サッカーにも、機械化の波が押し寄せている。今年開催されるワールドカップにも、あらたな変化がもたらされる。サッカーはテクノロジーといかに付き合っていくべきなのか、サッカージャーナリスト・大住良之が検証する。
■もたらされる多くの変化
「プレーの瞬間」の判断とともに、「そのときオフサイドポジションにいたかどうか」は、AIによってほぼ瞬時に判断される。VAR担当の審判員たちは、AIによってオフサイドポジションにいたと確認された選手がプレーにかかわったかどうかを判断し、その結果をピッチ上の主審に伝える。これまで長いときには4分間かかっていたVARによるオフサイドの判定は、3~4秒(!)に短縮されるという。
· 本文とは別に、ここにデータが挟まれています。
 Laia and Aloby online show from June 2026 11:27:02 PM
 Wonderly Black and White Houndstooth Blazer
さらに、AIはただちにそのシーンの「3D・CG(立体的なアニメーション)」もつくり、3Dのオフサイドラインも引く。その映像は25秒以内にテレビ放送や場内スクリーン用に提供されるという。サッカー判定に科学技術の助けを入れたのは2012年のゴールラインテクノロジー(GET)だったが、このシステムでは、ゴールラインを割ったかどうかのCGがつくられ、最終的にゴールラインを超えていたかどうかが明確に示される。オフサイドのCGも、それと同じような説得力をもつはずだ。
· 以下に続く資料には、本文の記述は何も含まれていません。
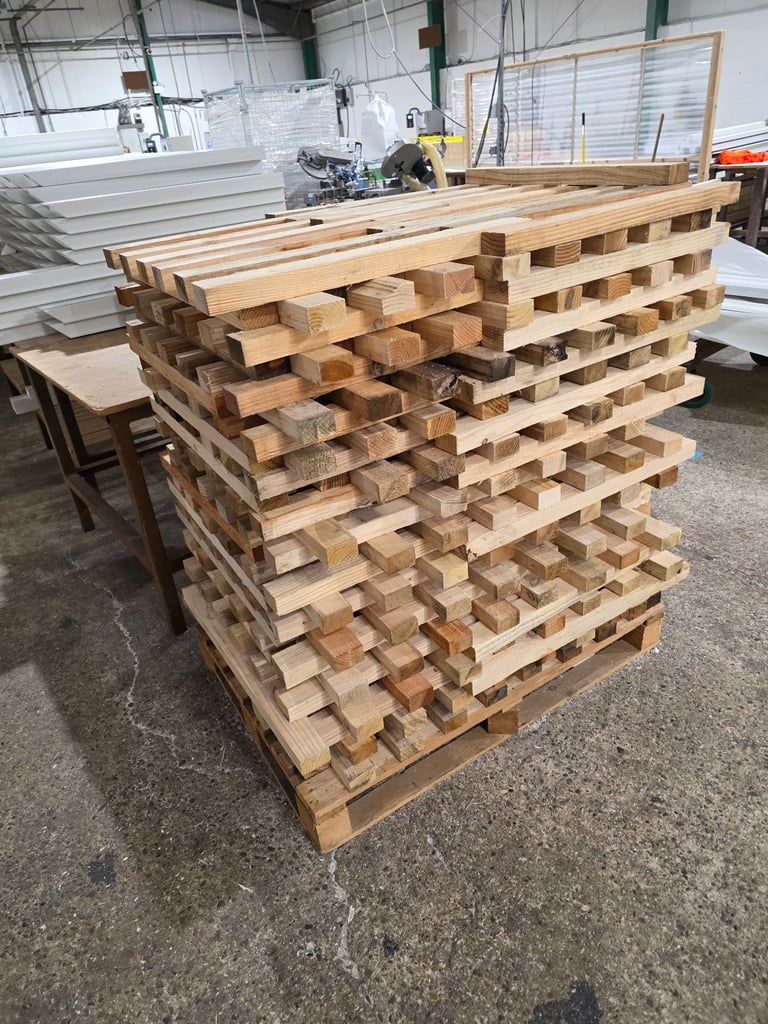 image for Jusy shy of 3x2 off cuts wood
システムは1試合を通じてオフサイドの監視をしているが、上記のプロセスはVARが発動するときだけに表に出る。GKのキックをオフサイドポジションから戻りながら触れ、味方にバックパスし、そのボールが直接最前線に戻されるのではなく、横パスや再度のバックパスにつながった場合などでは、副審は「オフサイドディレイ」をせずに旗を上げるだろう。その判定についての成否に、半自動オフサイド・システムは関与しないはずだ。